Sur le papier, c’est élégant. Dans les faits, l’architecture a souvent déplacé le centre de gravité vers quelques intermédiaires. Les relays et les builders les plus performants captent une part importante du flux, ce qui pose des questions de concentration et de contrôle. La littérature récente continue d’analyser ces effets, notamment la dépendance à des acteurs hors-protocole
Pour Bitcoin, copier-coller PBS n’a pas beaucoup de sens. Le réseau n’a pas le même modèle, ni les mêmes primitives. Mais la leçon est utile : une solution “anti-MEV” peut devenir une solution “pro-intermédiaires” si elle n’est pas pensée avec obsession pour la simplicité et la permissionless-ness.
MEVpool : un compromis assumé, avec un pari sur les transactions scellées
C’est là qu’arrive MEVpool, une proposition discutée dans les cercles techniques Bitcoin.

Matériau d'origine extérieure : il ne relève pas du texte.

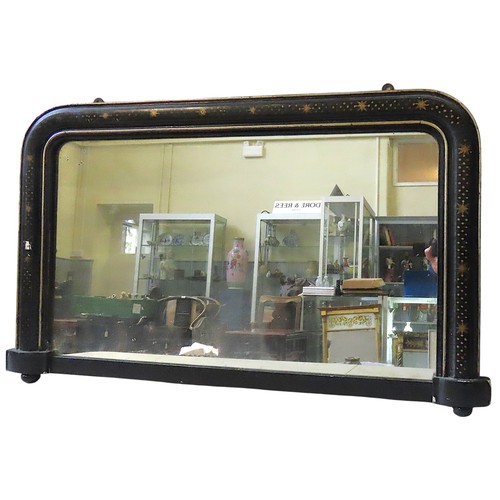 84 - A 19TH CENTURY EBONISED OVERMANTEL MIRROR, the arch form overmantel with gilt painted star decoratio...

L’idée n’est pas de nier le MEV, mais de le canaliser. MEVpool propose un marché où les acteurs MEV publient des offres, tandis que les mineurs gardent la main sur la construction finale du bloc, sans abandonner toute la valeur à un petit club de builders.
La pièce la plus intéressante du dispositif, ce sont les “transactions scellées”. En pratique, l’objectif est simple : empêcher la lecture complète de certaines transactions avant qu’un bloc valide soit trouvé, afin de réduire le frontrunning et les manipulations opportunistes. Le scellage devient une barrière temporelle. Pas un bouclier magique, mais un ralentisseur placé au bon endroit.
Reste le point sensible : comment garantir ce scellage. Deux options reviennent souvent : des intermédiaires de confiance, ou des environnements d’exécution sécurisés (TEE) capables d’attester qu’ils respectent les règles avant de révéler les données. C’est un compromis : on échange une partie de la pureté idéologique contre une réduction du pouvoir discrétionnaire, et donc du MEV toxique.